I should have a chat show.
I’d be good at it.
I like meeting new people.
It’s not as if a complete unknown hasn’t hosted a chat show
before. Jonathan Ross was unheard of when he made The Last Resort. There’s
precedent.
I have a few ideas for the show. For a start, it should be
on very late at night, and it should be open-ended, so if we get into an
interesting area we can keep chatting without having to cut things short.
And it should be on BBC4 because I like BBC4, and if BBC4
gets canned or shoved online like BBC3 it should go out kicking and screaming
and shooting out new ideas like a doomed little Catherine Wheel.

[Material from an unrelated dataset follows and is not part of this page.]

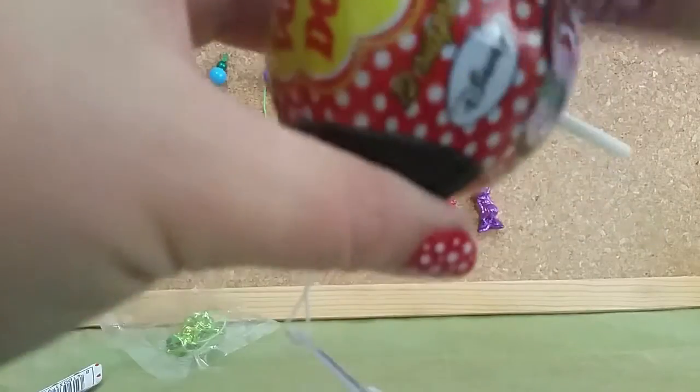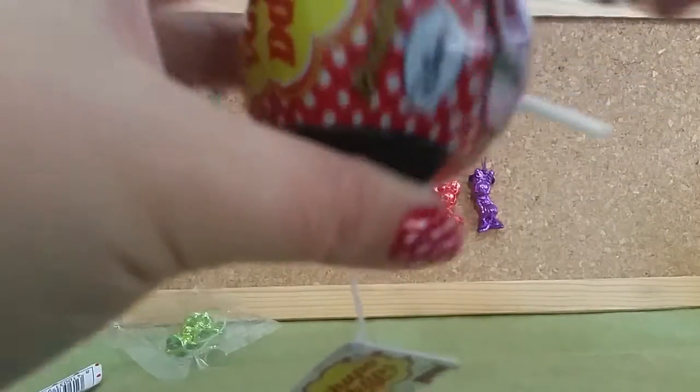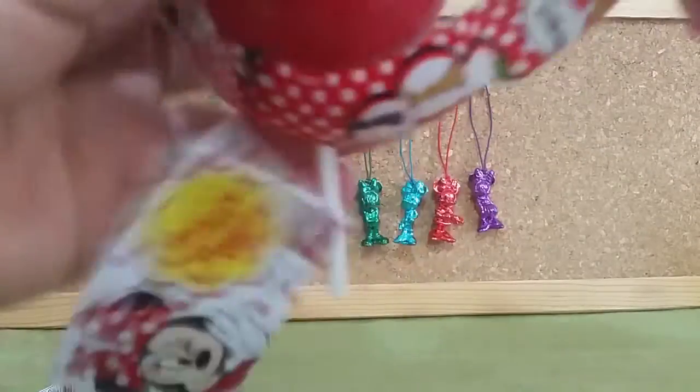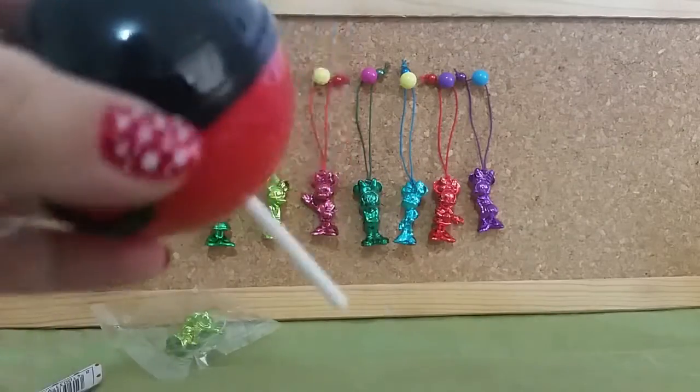Okay, last one — hopefully this one's different, but it already looks like I'm going to need to go and get some more. I quite like Minnie Mouse and these are pretty cute.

And it should really be on a Sunday. At midnight. Because
the whole idea of this show would be to get people on it who have something
better to say than just a plug for their new product. So making the show a bit
of a bugger to be on ought to weed out that bunch.

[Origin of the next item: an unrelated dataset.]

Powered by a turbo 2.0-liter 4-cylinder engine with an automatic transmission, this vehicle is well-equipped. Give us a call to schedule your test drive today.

And it should be live. On a Sunday. At midnight. And I, as
host, should have been working on the prep for this show very late into
Saturday night and all day Sunday, so that I am tired and fractious and
possibly a little drunk, though I do find drink dulls the blade a little and we
don’t want that, do we? And because I will be tired and fractious, I will not
care very much for the niceties of chat shows, and shall show my guests exactly
the level of respect I feel they deserve. Which may not be high.
My ideal guests for the first show would be Johnny Vegas
(first question: your autobiography: not all that, was it?) and Alain de Botton
(first question: why don’t you just shave it all off, or get a wig or
something?). Possibly Victoria Coren, but now that she’s married, what’s the
point? And somebody nobody’s ever heard of, somebody who does something
interesting but not sensational. I can think of a couple of people who’d fit
that description.
Musical guests would be booked based on random grabs from my
record collection, but would in all probability include Nick Lowe, Scritti
Politti, and if they’re in the country Shelby Lynne and Susanna Hoffs/Matthew
Sweet. Neil Hannon could lead the house band, if there is one. Maybe the odd
touch of deathcore, just to keep things lively.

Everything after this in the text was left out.